No obstante, hay que tener en cuenta que estos resultados, focalizados solo en los efectos directos infraestiman las consecuencias de una guerra comercial. Los efectos indirectos no incorporados en los modelos pueden ser incluso más significativos que los directos; por ejemplo, los debidos al aumento de la incertidumbre, al deterioro en las condiciones financieras y de las expectativas (sobre todo para empresas, por el cambio en las reglas del juego) y a los costes de la redistribución geográfica de la oferta.

¿Cuáles pueden ser sus efectos sobre la inflación?

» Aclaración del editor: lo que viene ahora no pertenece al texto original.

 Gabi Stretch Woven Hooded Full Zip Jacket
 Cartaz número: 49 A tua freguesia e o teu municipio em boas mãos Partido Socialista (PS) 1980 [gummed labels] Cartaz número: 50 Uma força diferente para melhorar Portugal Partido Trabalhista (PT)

Los efectos sobre la inflación también son muy inciertos y, por el momento, solo pueden empezar a cuantificarse en el caso de EEUU. Por ejemplo, si el impacto del incremento de 5,1 p.p. del arancel efectivo en EEUU fuese totalmente traspasado a los consumidores, añadiría 1,1 p.p. a la inflación. Seguramente, el impacto "real" sería significativamente inferior, debido a que no todos los productos afectados por los aranceles serían bienes de consumo, habría ajustes en los tipos de cambio que podrían afectar a los precios, las empresas podrían absorber parte del efecto en sus beneficios y las familias sustituir algunos de los productos afectados por los aranceles por otros. En cualquier caso, las primeras señales en EEUU advierten de que hay que permanecer vigilantes: en respuesta a la subida de los aranceles, los precios de las lavadoras se incrementaron un 15% de forma casi inmediata y los del acero un 20%. Además, el sector del automóvil es muy relevante para la economía estadounidense: el 44% de los vehículos vendidos son importados y, según las primeras estimaciones de la industria, las familias verían como se incrementa su coste medio en casi 6.000 dólares (25%), y en más de 2.000 dólares el de los fabricados en EEUU (en torno a un 15%), dado que contienen un 35% de componentes importados.

Conclusiones

Las estimaciones sobre las consecuencias negativas de la espiral proteccionista son muy preliminares y poco fiables, considerando la falta de precedentes (hay que remontarse a los años 70), las limitaciones de los modelos econométricos y la incertidumbre sobre las medidas finales adoptadas. En cualquier caso, hay que ser moderadamente optimistas, considerando la fortaleza de la economía global, especialmente la estadounidense: incluso bajo hipótesis relativamente pesimistas, es poco probable que el impacto ponga en riesgo la expansión global. No obstante, sí que tendrá importantes implicaciones sobre algunos sectores, que tendrán que revaluar la relocalización geográfica de su producción e incurrir en elevados costes. Además, entre los efectos indirectos, hay que tener presente la respuesta de la política monetaria al aumento de la inflación, especialmente en EEUU, con una economía mostrando ya algunas evidencias de recalentamiento.


[1] Medias de las estimaciones obtenidas con los modelos del FMI, OCDE, JPM y Bloomberg Economics, bajo hipótesis relativamente similares.